Wir sind betrogen worden, vielleicht auch von uns selbst. Am 15. April 1981 reckte Herbert von Karajan seine erste CD in die Höhe und verkündete der Weltpresse: „Alles andere ist Gaslicht“. Nur zu leicht waren wir bereit, die Lager zu wechseln. Die Schallplatte galt als überkommen, die CD strahlte im Silberglanz und versprach einen nie geahnten Klang bei optischer Ausbeute, ohne Abnutzung. Die LP ging unter. Die Verkaufszahlen sanken gen Boden, die Plattenspieler wurden auf den Dachboden verbannt oder – ganz grausam – verschrottet. Dabei wissen wir heute: Die analoge Klangwiedergabe über einen guten Plattenspieler hat mitunter mehr Format als eine CD. Bitte nicht als Provokation verstehen: Die Schallplatte hat natürlich Grenzen – die Kanaltrennung, der nutzbare dynamische Raum. Aber der analoge Gedanke hat seinen Reiz, kombiniert mit einigen Vorzügen, die vom menschlichen Bewusstsein als angenehm und reicher empfunden werden. Doktorarbeiten sind darüber geschrieben worden.
Gute, alte LP? Von wegen: Vinyl nimmt der Silberscheibe deutliche Marktanteile ab
Doch schauen wir auf Fakten und Zahlen – die Umsätze. Wurden 2002 beispielsweise in Deutschland noch CDs im Wert von 1,8 Milliarden Euro verkauft, so waren es 2022 nur noch 268 Millionen Euro. Natürlich legt das Geschäft im Streaming-Segment zu, unerbittlich, faszinierend und überragend.
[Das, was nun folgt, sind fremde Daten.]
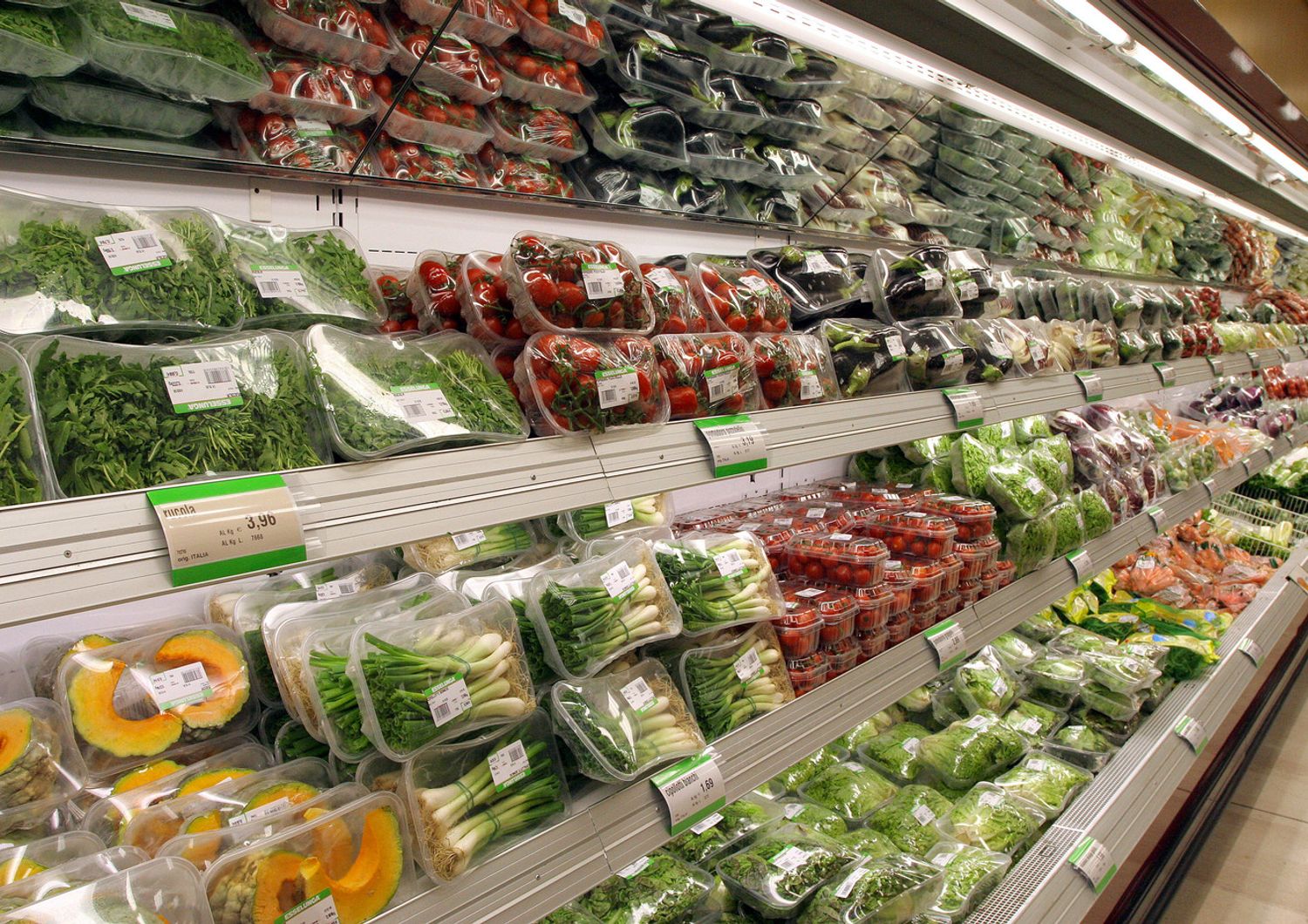 Supermercato, aumento prezzi di ortaggi e verdure (Afp)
Aber auch die alte LP gewinnt an Marktbedeutung. Blicken wir auf den gleichen Zeitraum: 44 Millionen Euro gingen 2002 bei Vinyl über den Tresen, 2022 waren es schon 124 Millionen Euro – also faktisch wurde der halbe Marktanteil der CD geknackt. In den USA ist das Kaufverhalten komplett gekippt: Erstmals seit 1987 wurden mehr Schallplatten als CDs verkauft, so der Branchenverband RIAA.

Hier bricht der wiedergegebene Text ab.